:: ASSIGNED TASK ::
Repeat, line for line, the entries below from the first line to the line containing "Hey it's Mr.", counting both ends.

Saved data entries
□ □ □

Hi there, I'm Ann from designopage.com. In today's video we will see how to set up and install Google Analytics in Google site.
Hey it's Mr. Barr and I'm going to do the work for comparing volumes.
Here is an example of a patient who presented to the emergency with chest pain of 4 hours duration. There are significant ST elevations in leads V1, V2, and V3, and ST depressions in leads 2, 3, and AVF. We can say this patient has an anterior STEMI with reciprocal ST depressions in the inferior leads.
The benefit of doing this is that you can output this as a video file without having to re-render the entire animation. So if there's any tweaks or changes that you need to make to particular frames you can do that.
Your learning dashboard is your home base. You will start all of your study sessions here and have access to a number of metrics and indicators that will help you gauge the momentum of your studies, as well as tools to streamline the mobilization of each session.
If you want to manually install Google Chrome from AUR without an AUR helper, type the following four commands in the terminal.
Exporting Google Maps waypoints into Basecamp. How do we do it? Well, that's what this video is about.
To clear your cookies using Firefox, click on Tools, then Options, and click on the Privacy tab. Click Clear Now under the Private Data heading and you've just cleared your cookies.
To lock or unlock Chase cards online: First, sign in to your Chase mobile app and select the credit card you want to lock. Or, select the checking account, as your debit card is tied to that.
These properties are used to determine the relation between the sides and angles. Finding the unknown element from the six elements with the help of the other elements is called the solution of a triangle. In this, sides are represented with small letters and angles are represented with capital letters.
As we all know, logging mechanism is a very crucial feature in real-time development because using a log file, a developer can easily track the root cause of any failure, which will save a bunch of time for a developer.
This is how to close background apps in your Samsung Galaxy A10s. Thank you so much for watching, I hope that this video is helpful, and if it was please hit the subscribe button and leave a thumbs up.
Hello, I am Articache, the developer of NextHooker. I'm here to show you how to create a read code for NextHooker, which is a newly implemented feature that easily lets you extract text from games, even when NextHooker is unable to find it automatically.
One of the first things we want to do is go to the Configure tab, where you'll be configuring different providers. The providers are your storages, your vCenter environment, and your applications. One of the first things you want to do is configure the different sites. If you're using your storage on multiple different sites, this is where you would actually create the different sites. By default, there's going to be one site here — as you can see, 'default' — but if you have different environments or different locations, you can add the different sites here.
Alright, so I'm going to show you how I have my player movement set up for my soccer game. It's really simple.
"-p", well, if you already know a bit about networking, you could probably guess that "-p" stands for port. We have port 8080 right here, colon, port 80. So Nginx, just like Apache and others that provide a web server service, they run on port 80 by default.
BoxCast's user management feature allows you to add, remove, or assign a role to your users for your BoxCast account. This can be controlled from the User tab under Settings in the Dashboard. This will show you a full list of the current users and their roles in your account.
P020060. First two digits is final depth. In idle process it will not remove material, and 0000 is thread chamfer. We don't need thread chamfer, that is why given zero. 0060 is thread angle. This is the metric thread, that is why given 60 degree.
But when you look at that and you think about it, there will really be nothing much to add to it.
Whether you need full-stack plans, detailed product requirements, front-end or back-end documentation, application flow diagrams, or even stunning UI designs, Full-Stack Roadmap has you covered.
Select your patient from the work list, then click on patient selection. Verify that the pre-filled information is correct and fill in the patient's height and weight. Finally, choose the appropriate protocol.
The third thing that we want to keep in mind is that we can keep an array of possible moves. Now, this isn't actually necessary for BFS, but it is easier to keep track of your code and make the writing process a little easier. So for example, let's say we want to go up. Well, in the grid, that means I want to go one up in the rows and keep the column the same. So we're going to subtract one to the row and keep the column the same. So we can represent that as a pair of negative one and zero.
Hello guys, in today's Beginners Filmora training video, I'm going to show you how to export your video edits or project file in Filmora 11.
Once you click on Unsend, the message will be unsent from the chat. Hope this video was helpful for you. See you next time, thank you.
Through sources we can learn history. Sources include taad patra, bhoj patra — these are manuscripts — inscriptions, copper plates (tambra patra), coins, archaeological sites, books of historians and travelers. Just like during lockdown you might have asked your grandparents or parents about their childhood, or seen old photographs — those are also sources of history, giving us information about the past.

□ □ □

:: RESULT OF THE TASK ::
Hi there, I'm Ann from designopage.com. In today's video we will see how to set up and install Google Analytics in Google site.
Hey it's Mr. Barr and I'm going to do the work for comparing volumes.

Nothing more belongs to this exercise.